Amplifying the Role of Women: Kyrgyzstan

One example of gender-responsive peacebuilding comes from Kyrgyzstan where the Peacebuilding Fund supported a project to address gaps of basic services and extension of services to informal settlements outside of the capital Bishkek. The absence of these services had been driving grievances and mistrust between these communities and state institutions, and the concern was that mistrust would potentially generate either backlash against the state or, or worse, recruitment by violent groups.
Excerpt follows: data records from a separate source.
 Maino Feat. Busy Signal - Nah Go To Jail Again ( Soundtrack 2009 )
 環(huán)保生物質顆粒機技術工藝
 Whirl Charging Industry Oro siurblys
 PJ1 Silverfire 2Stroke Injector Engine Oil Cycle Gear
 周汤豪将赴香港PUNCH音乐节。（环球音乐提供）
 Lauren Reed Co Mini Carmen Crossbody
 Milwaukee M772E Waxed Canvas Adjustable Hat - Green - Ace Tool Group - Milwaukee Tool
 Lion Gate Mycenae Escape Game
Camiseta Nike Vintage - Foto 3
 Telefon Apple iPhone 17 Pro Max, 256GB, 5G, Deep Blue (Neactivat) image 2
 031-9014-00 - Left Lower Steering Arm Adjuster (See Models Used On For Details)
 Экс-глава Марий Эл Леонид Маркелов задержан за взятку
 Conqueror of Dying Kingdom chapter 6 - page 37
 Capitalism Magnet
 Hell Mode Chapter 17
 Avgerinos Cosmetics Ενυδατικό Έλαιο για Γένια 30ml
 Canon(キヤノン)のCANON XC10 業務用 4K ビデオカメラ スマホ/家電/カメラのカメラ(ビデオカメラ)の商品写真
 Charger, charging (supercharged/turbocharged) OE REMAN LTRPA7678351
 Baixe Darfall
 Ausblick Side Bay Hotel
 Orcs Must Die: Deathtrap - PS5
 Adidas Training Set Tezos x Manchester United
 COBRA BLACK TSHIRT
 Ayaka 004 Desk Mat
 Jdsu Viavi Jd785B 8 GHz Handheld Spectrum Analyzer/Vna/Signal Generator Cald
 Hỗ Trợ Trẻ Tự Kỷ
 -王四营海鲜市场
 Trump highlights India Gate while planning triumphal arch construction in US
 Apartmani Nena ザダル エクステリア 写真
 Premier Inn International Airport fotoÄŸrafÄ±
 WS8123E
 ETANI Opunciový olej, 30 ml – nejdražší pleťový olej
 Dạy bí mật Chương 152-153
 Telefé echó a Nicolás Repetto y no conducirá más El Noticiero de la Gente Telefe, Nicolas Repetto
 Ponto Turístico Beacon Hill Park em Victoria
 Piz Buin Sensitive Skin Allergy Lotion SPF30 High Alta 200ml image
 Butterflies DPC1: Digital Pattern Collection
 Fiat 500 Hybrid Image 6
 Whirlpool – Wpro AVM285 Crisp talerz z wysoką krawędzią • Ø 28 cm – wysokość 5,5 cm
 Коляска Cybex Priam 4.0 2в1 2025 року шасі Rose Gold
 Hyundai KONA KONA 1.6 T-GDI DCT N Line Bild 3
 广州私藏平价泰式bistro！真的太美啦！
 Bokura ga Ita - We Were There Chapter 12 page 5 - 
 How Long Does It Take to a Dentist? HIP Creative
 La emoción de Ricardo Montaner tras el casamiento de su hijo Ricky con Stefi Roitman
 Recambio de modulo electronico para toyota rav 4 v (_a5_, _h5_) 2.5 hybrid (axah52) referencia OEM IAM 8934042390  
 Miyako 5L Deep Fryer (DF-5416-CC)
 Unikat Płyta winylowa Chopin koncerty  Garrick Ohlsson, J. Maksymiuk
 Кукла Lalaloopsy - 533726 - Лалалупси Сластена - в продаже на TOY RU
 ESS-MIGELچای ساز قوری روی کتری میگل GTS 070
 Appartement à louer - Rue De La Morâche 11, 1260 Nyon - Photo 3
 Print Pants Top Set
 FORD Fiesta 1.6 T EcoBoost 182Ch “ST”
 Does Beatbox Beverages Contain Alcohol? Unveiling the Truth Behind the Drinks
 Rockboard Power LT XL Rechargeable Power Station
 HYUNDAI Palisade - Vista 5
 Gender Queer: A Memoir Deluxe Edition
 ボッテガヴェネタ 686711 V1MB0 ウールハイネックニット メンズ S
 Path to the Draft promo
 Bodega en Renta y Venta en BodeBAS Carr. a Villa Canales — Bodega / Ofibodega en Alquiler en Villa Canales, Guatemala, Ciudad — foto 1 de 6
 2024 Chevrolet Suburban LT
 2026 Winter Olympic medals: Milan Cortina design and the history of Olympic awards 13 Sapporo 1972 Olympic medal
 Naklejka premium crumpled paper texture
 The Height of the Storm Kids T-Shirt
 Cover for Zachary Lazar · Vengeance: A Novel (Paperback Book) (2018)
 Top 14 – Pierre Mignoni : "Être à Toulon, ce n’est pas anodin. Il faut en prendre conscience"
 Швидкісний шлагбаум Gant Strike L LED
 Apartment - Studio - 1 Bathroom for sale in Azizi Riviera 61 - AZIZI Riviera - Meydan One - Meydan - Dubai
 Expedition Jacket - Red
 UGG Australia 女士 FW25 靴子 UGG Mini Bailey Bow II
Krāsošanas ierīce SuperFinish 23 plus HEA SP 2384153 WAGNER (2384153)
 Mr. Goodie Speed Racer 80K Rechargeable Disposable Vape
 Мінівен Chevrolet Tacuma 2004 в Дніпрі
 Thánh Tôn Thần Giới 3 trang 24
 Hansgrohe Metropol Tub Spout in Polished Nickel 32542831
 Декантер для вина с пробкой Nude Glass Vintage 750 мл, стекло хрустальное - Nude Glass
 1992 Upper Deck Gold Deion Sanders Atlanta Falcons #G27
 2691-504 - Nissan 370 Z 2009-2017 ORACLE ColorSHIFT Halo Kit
Tammy Smith, Senior Advisor at the UN Peacebuilding Fund, explains that the PBF worked through women’s organizations — formal and informal — in and around these settlements in Bishkek to connect them with services and local grants offered by municipality. “We tried to be the connecting point between the really important and dynamic work that was already happening among formal and informal associations of women on the ground,” Smith recounted at the launch event of the Thematic Review in December 2021. “We saw that the result was not just that the role of women was amplified, but in so doing they also ensured greater access to those services which ultimately had the effect that we were hoping to generate from the peacebuilding side — of raising people’s confidence in state institutions and bringing them closer to repair the state-society relationship,” she concluded.